53 La plage de l'usine
Il faut bien évoquer cette période de vacances d’une manière ou d’une autre. Même celles et ceux parmi vous qui n’ont pas bougé peuvent s’y intéresser. En se demandant, par exemple, combien de voitures restent coincées dans les bouchons les samedis problématiques. Ou encore, fait-il chaud dans le sud et froid dans le nord, ou inversement, selon l’endroit d’où l’on envisage cette problématique saisonnière ? D’ailleurs, récession ou pas, cette année, il fait de toute façon chaud. C’est l’été !, voilà bien un phénomène qu’on ne peut nous enlever ou délocaliser. Alors, quand il fait chaud, l’envie me prend d’aller me baigner. Pas vous ? Figurez-vous que près de chez moi il y a une plage dont le nom, l’histoire et l’utilisation peut s’accommoder de la récession. C’est ainsi que je vais (presque) chaque matin me baigner à la « plage de l’usine ». N’y voyez là aucune référence à mon lointain passé ouvriériste, soyez-en certain. C’était d’ailleurs en un autre temps, une autre vie, juste après Mai 68, vous pensez si c’est oublié. L’usine dont il est ici question a fermé en 1984 (délocalisée ou partie en fumée?), la plage, elle, est restée, ils n’ont pu l’emporter. Ne souriez pas, il s’en est fallu de peu. Chirac était prêt à la transformer en marina. Les gens d’ici l’en ont empêché. Alors, le site est resté en friche jusqu’en 2008.
(j'ai pris cette photo pour la cheminée de l'usine !)
L’endroit me plaît beaucoup. Pour celles et ceux qui me prendraient pour un fou, d’adorer la plage d’une usine, je les rassure sur mon état mental et leur prédit qu’ils aimeraient l’endroit tout autant que moi. Jugez-en par vous-même. Pour l’atteindre, vous commencez par traverser le jardin du directeur, dominé par sa maison de fonction. Avouez que c’est un bon début. Le directeur ne pousse pas l’amabilité jusqu’à vous offrir le café, puisqu’il s’est envolé en même temps que l’usine, mais il a laissé de beaux palmiers dans le jardin, entourés de fleurs exotiques autour d’un bassin rond où chuinte une petite fontaine.
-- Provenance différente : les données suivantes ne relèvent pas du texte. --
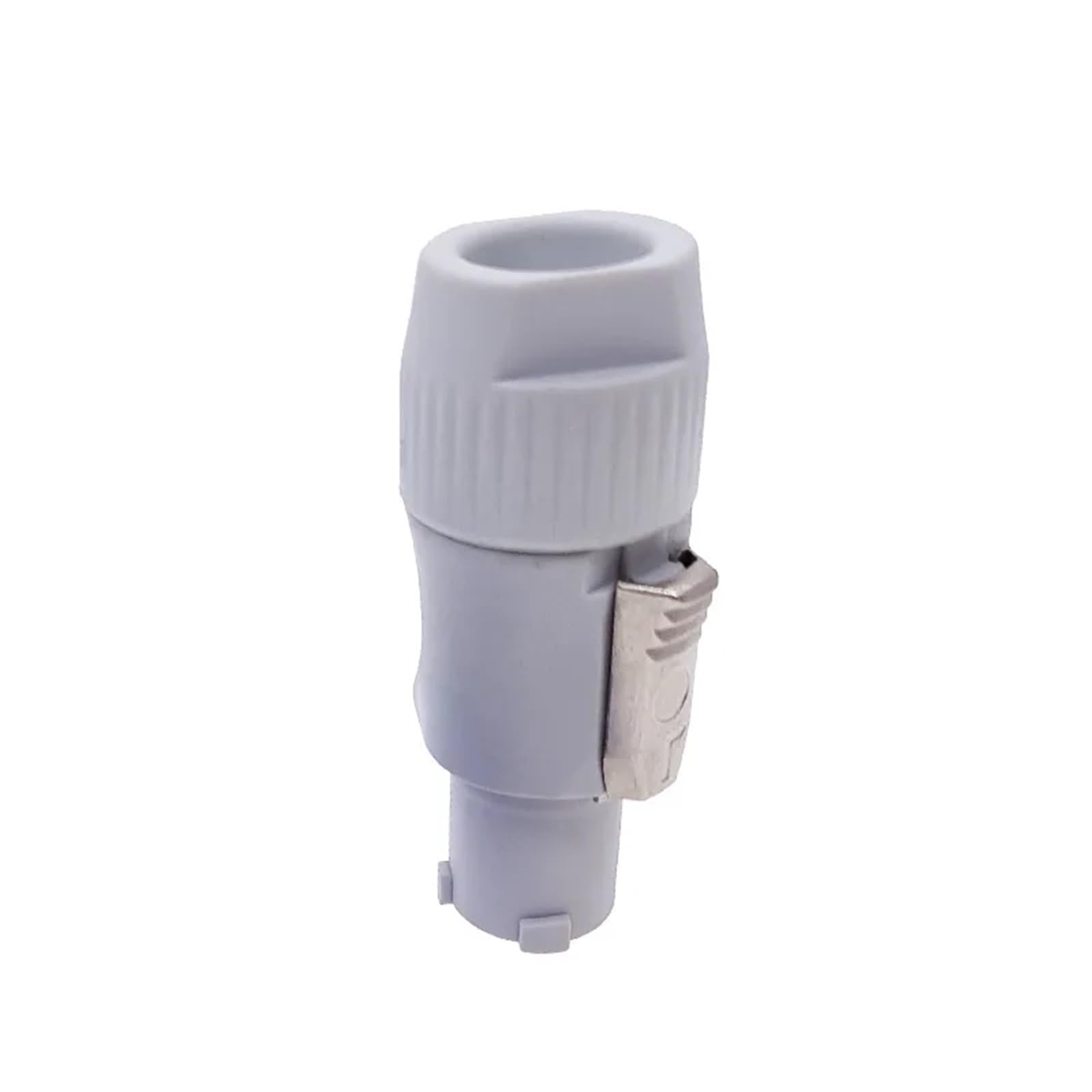 Conector PowerCon para Cable de Luces Escenario LED en Conciertos y Eventos 6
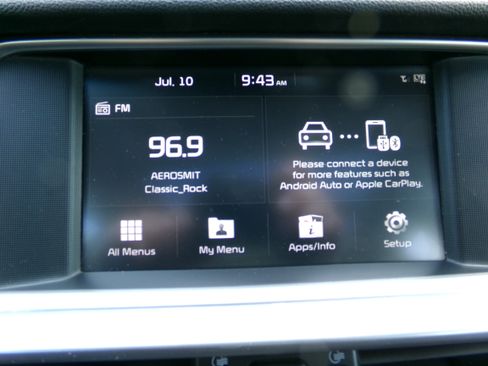 Used 2019 Kia Optima S Sedan 4D FWD image 17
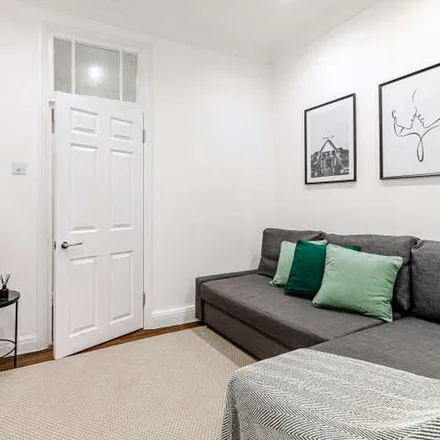 Image 5 - 5 Fitzroy Place, East Marylebone, London, W1T 3BH, United Kingdom - Apartment for rent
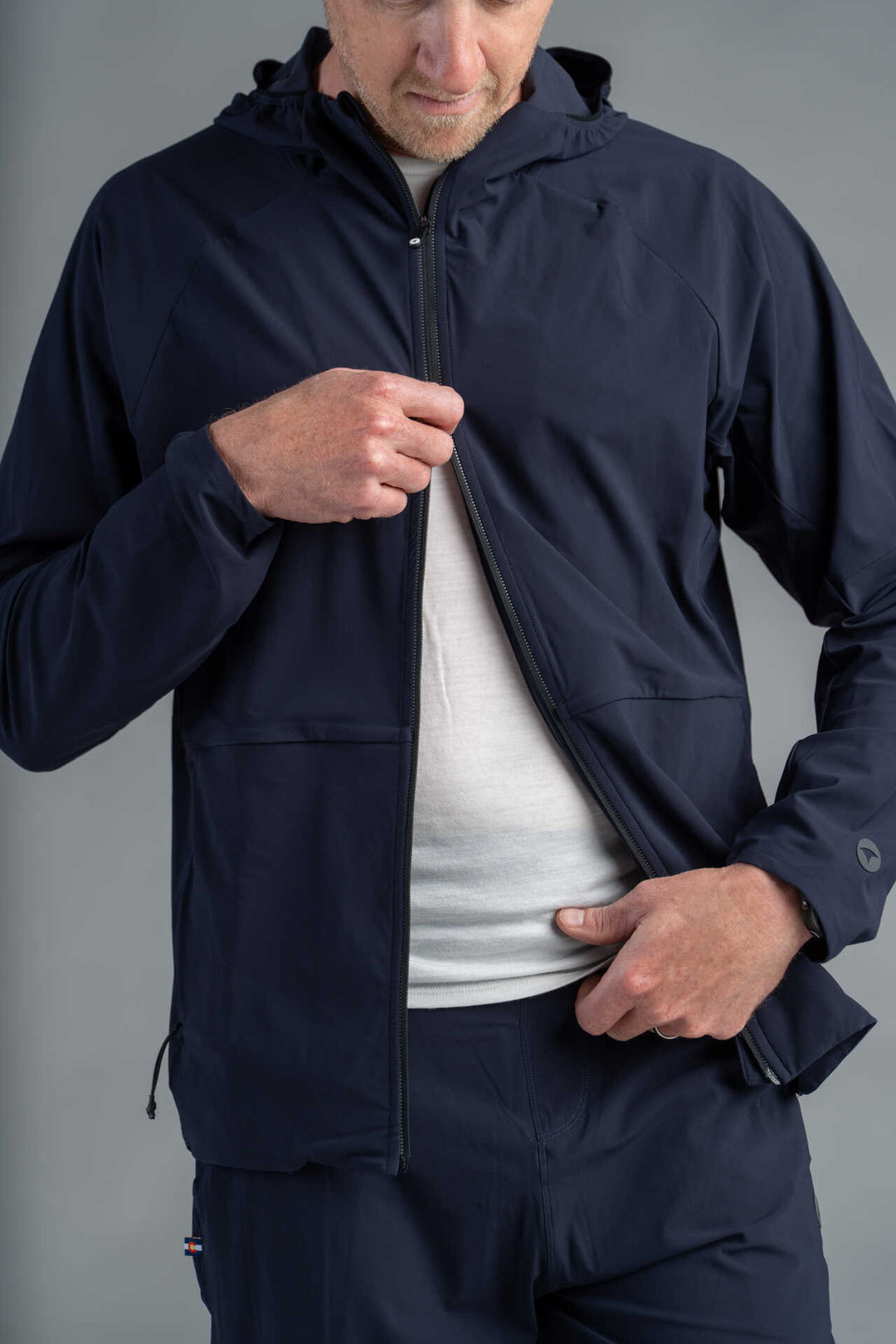 Men's Prologue Lightweight Jacket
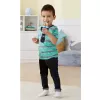 VTech Baby Microfone Mágico de Cantar, microfone de brincar, 2 ano(s), AAA, 200 g, preto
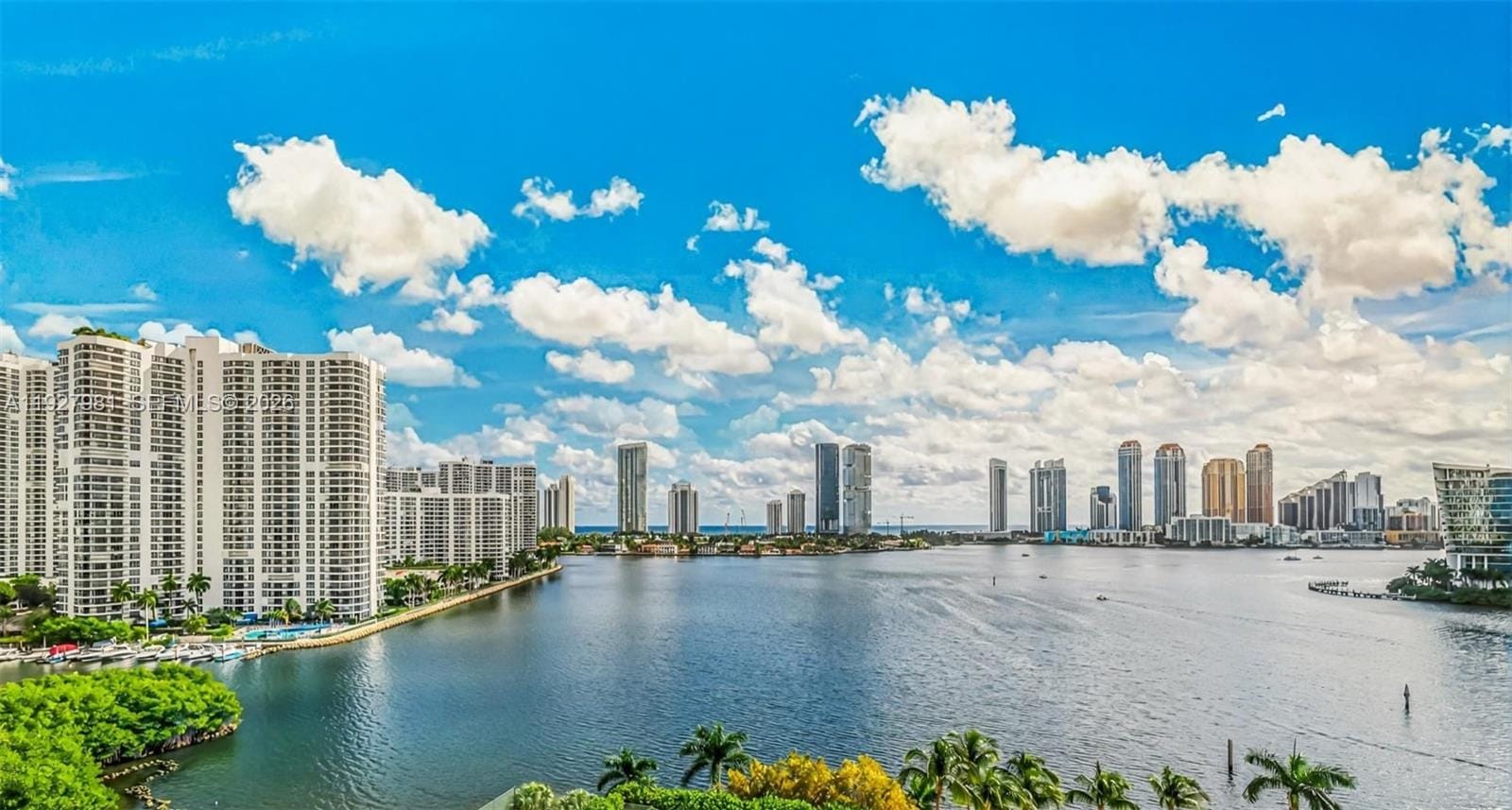 3370 Hidden Bay Drive 1207, Aventura, FL 33180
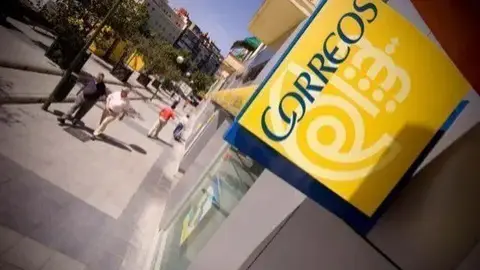 Correos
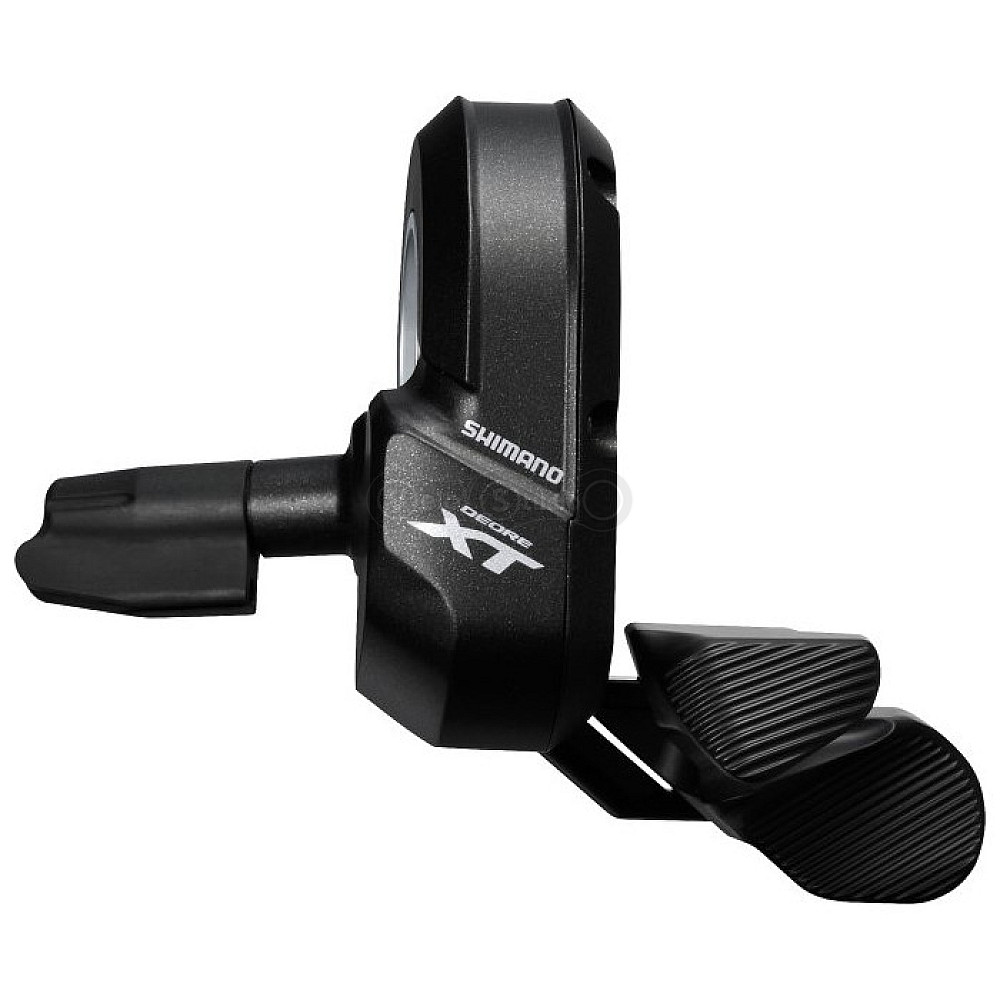 Шифтер Shimano SW-M8050R Deore XT Di2 правий 11 швидкостей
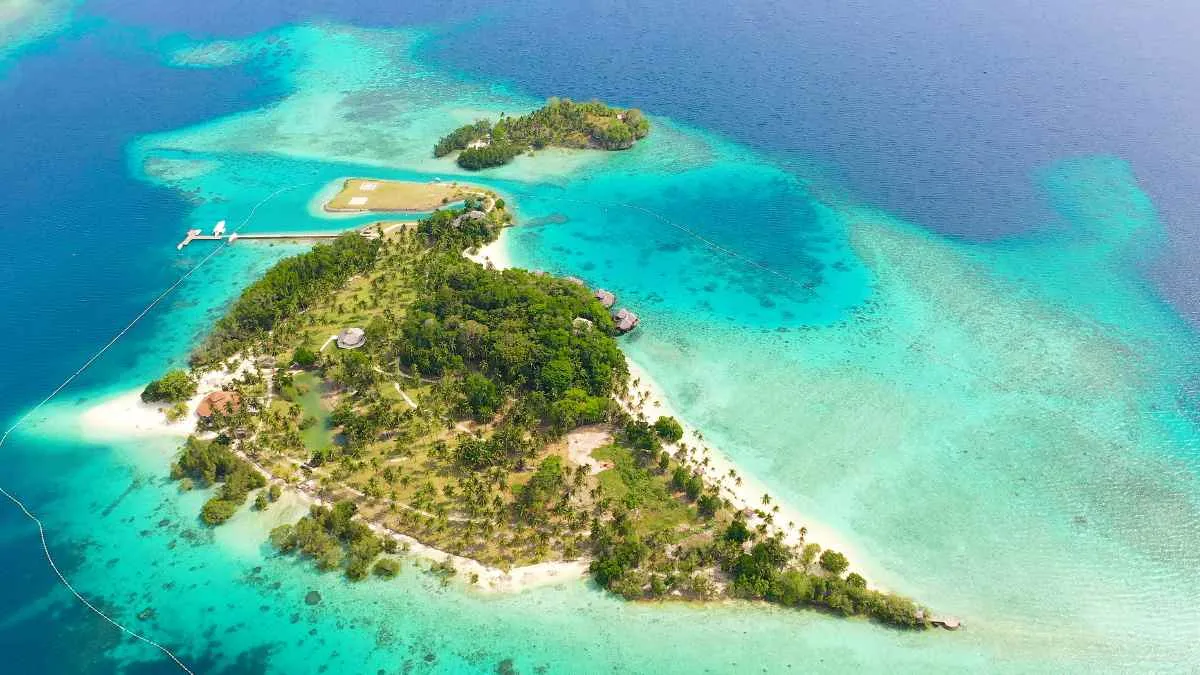 All About United States Minor Outlying Islands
Vous pouvez quand même prendre un petit noir au bar aménagé juste à côté de l’escalier, minuscule concession du lieu à la société de consommation. Puis, vous longez à l’ombre de platanes centenaires une partie laissée sauvage (pour la diversité des espèces végétales) et vous parvenez sur une esplanade tout en bois accrochée au mur anti-débarquement de béton armé laissé par les nazis. Il n’est même pas laid, délimite la plage et est encore en place pour longtemps. Si vous vous en approchez, vous apercevez la plage d’un seul coup d’œil panoramique. Vous y descendez alors avec impatience et installez votre serviette au bord de l’eau pour allez vous baigner le plus vite possible. Le matin, quand il n’y a pas encore trop de jambes qui ont remué le fond et d’huiles de protection solaire qui ont pollué la mer, l’eau est d’une limpidité parfaite. Vous distinguez très bien les petits poissons qui viennent observer les intrus, vous-mêmes. Tout en nageant, vous pouvez admirer les collines recouvertes de vignes tout autour et au beau milieu, une très haute cheminée d’usine, rénovée.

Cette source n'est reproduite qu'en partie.